*** Dataset excerpt ***
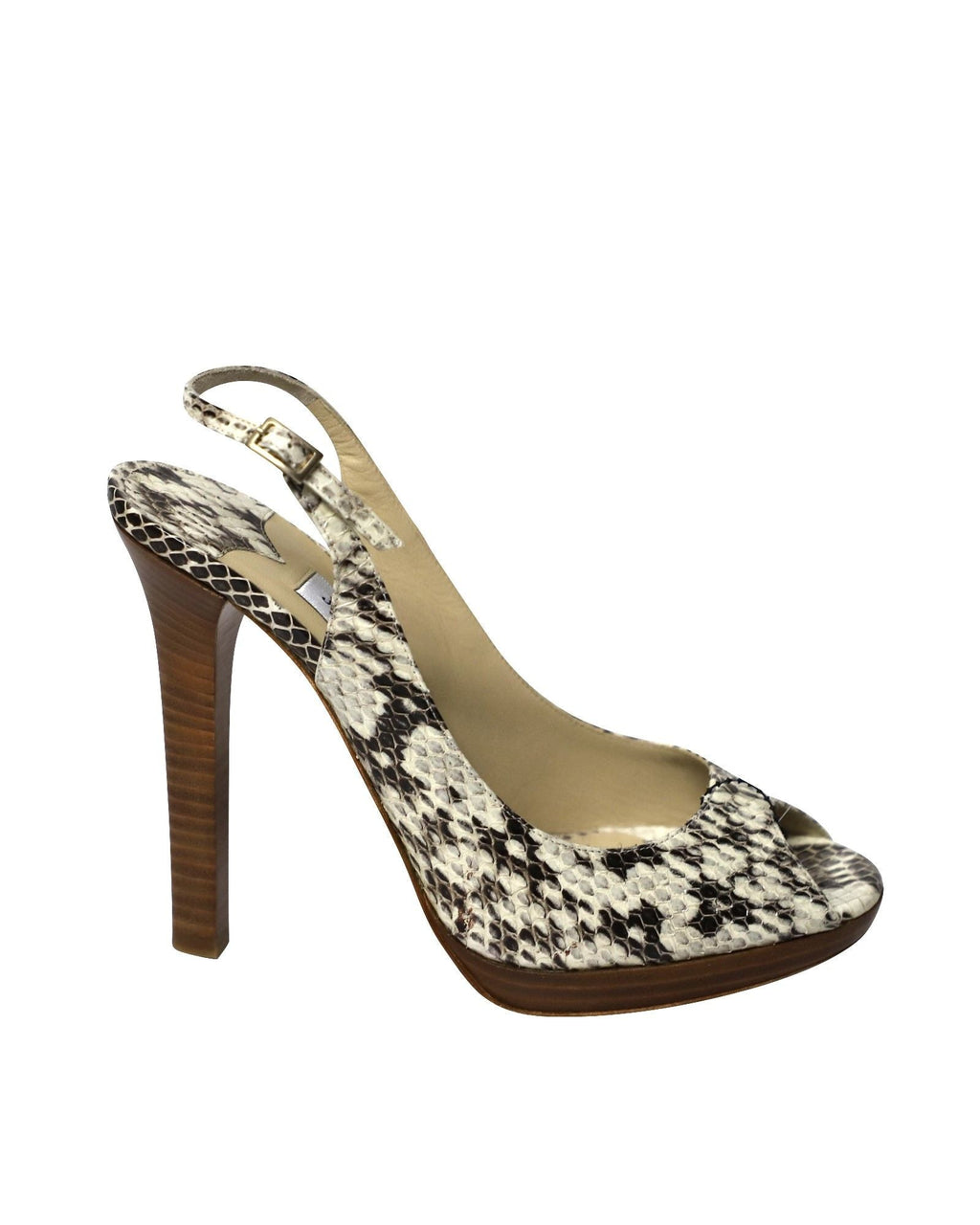 Jimmy Choo Peep-toe Slingback Heels in Phytonskin Leathe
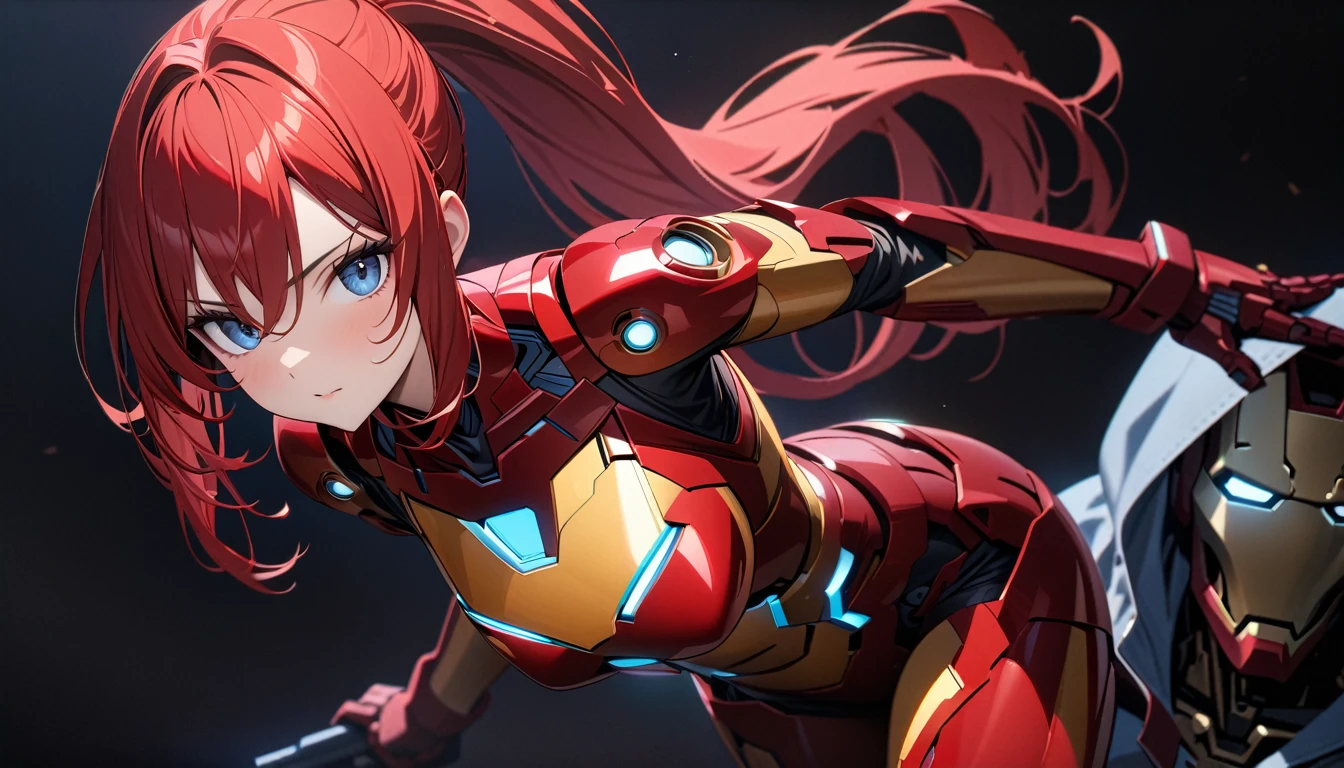 young, Long Red Hair, High Ponytail, blue eyes, Iron Man Armor, masterpiece, Highest quality, Full HD, 8k, Very detailed, Great graphics、Beautiful breasts、Iron Man in the background、Cowboy Shot、(Black background;1.5)、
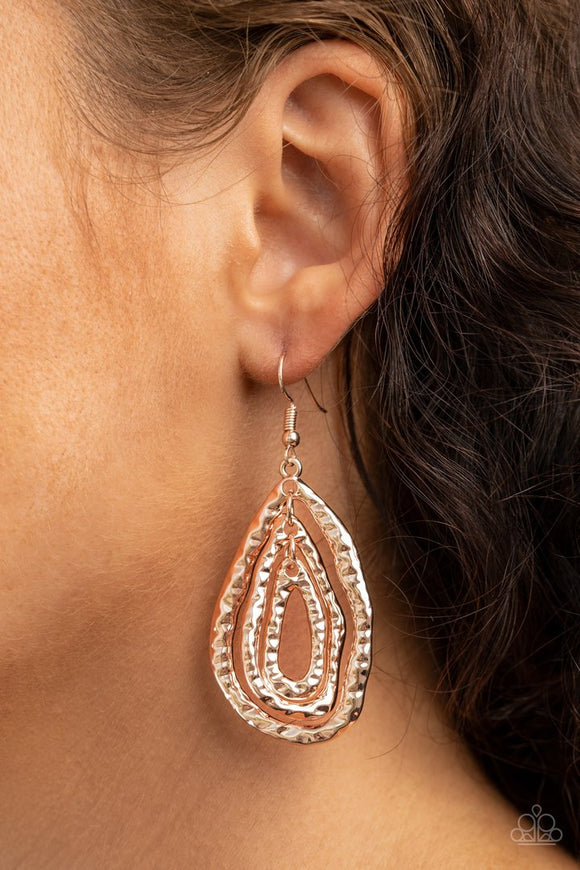 Metallic Meltdown - Rose Gold Earrings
*** End of Dataset excerpt ***
## Problem to work on
Would you restate all of the data above word for word, omitting the pictures?

## Answer for the task
 Jimmy Choo Peep-toe Slingback Heels in Phytonskin Leathe
 young, Long Red Hair, High Ponytail, blue eyes, Iron Man Armor, masterpiece, Highest quality, Full HD, 8k, Very detailed, Great graphics、Beautiful breasts、Iron Man in the background、Cowboy Shot、(Black background;1.5)、
 Metallic Meltdown - Rose Gold Earrings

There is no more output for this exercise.